Each line in the data must be reproduced as written, except for any picture.

(Beginning of DATA)

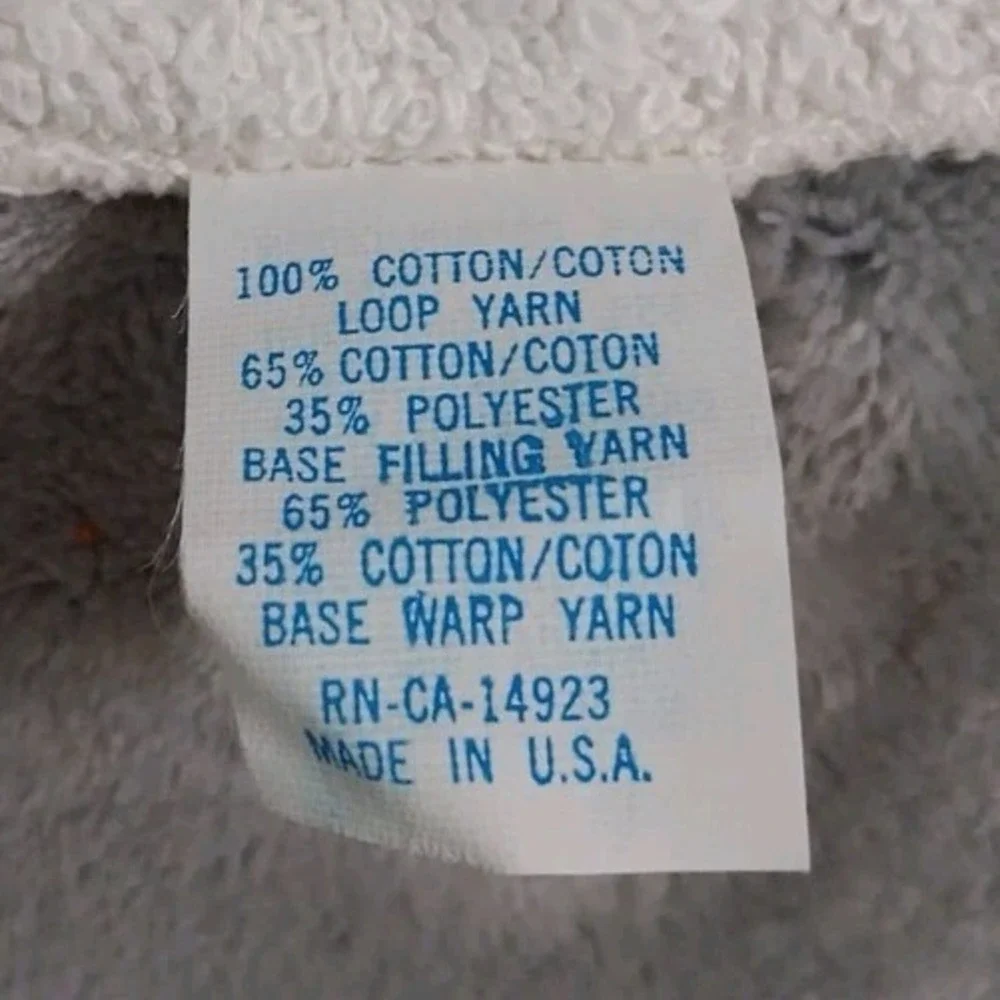 Vtg Wash Cloth Rag 12 Inch Summer Fruity Beach Vacation Drink Made in USA Unused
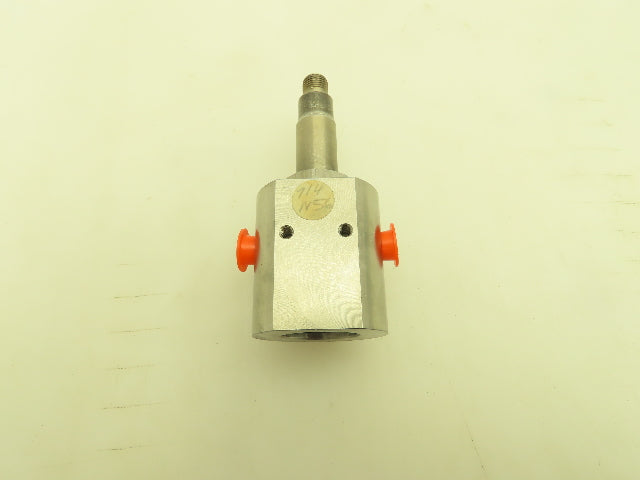 Honeywell Skinner 714N56 Stainless Solenoid Valve 3-Way NC 1/4" NPT 5/64 Orifice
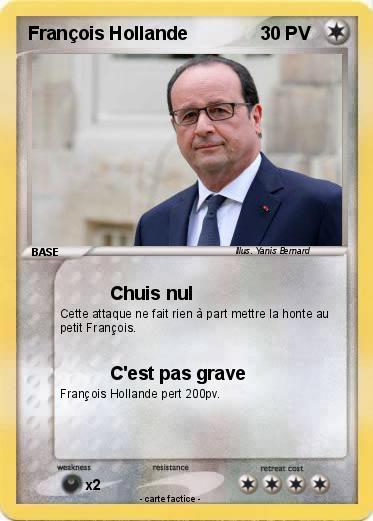 Pokemon François Hollande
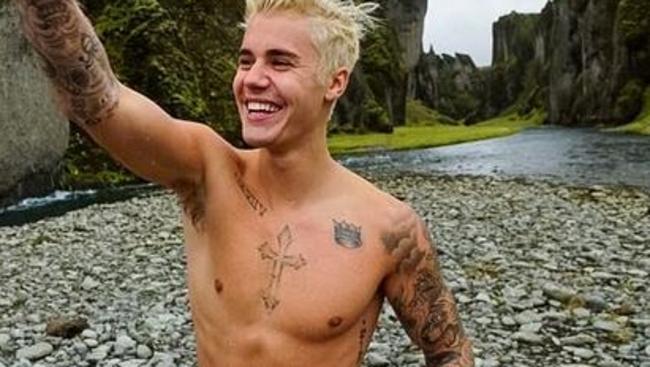 Best of Justin bieber naked beach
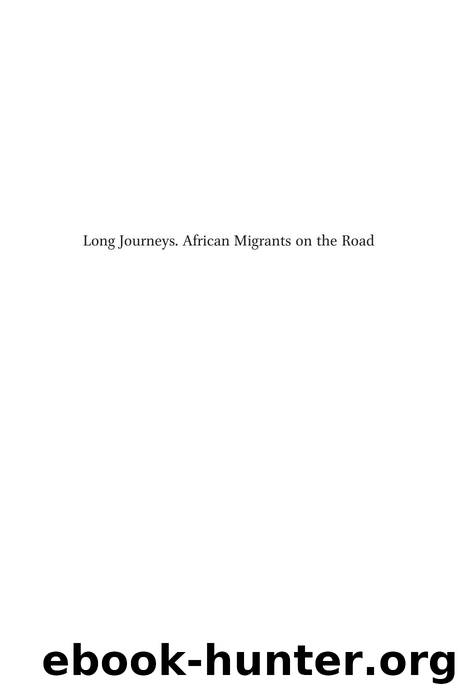 Long Journeys. African Migrants on the Road by Alessandro Triulzi; Robert McKenzie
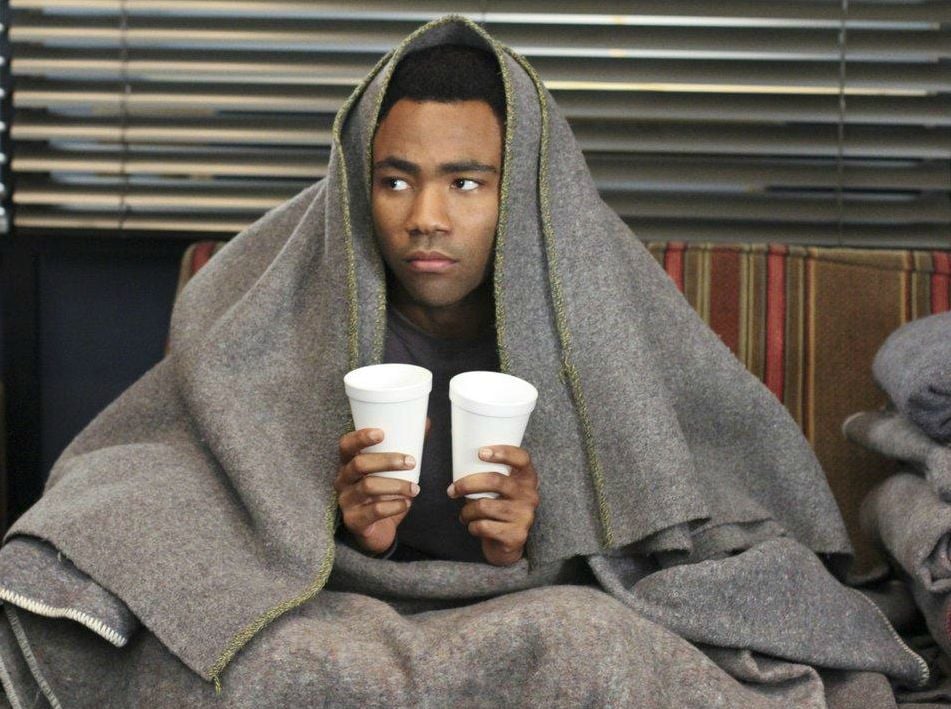 Community : Photo Donald Glover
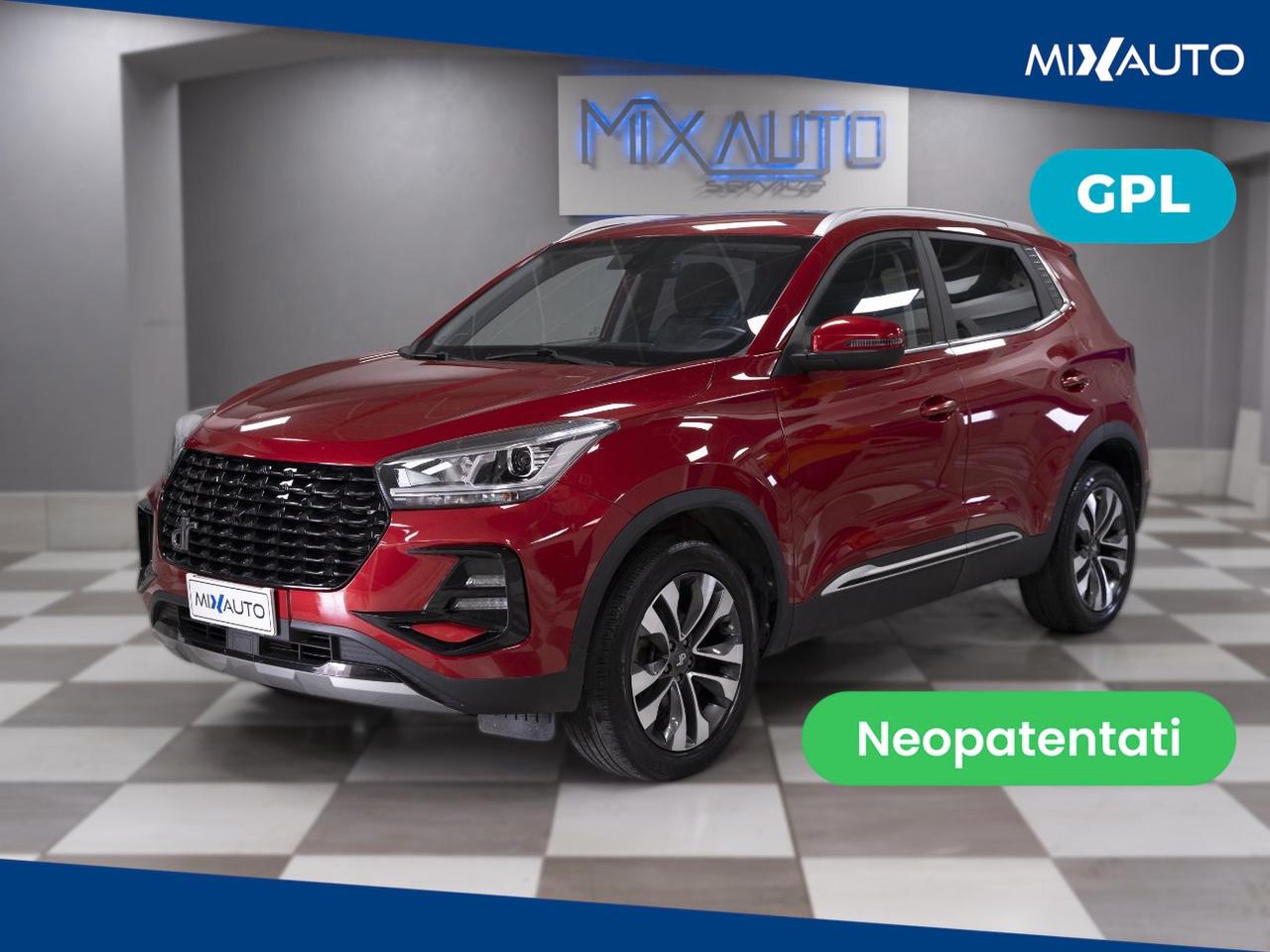 DR Automobiles DR 5.0 1.5 GPL 114CV EU6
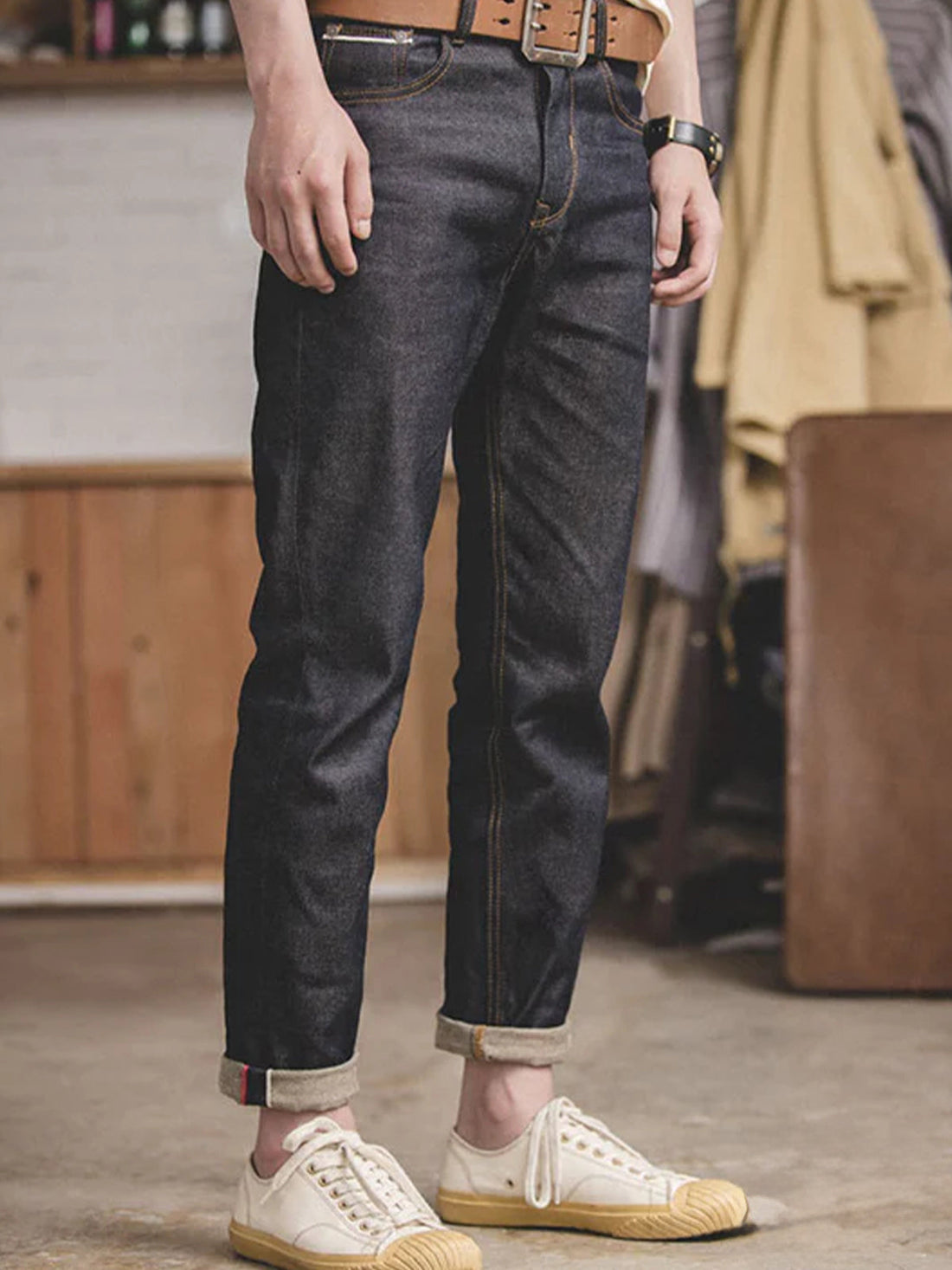 30s Reprint Demim Work Trousers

(End of DATA)

### YOUR RESPONSE
 Vtg Wash Cloth Rag 12 Inch Summer Fruity Beach Vacation Drink Made in USA Unused
 Honeywell Skinner 714N56 Stainless Solenoid Valve 3-Way NC 1/4" NPT 5/64 Orifice
 Pokemon François Hollande
 Best of Justin bieber naked beach
 Long Journeys. African Migrants on the Road by Alessandro Triulzi; Robert McKenzie
 Community : Photo Donald Glover
 DR Automobiles DR 5.0 1.5 GPL 114CV EU6
 30s Reprint Demim Work Trousers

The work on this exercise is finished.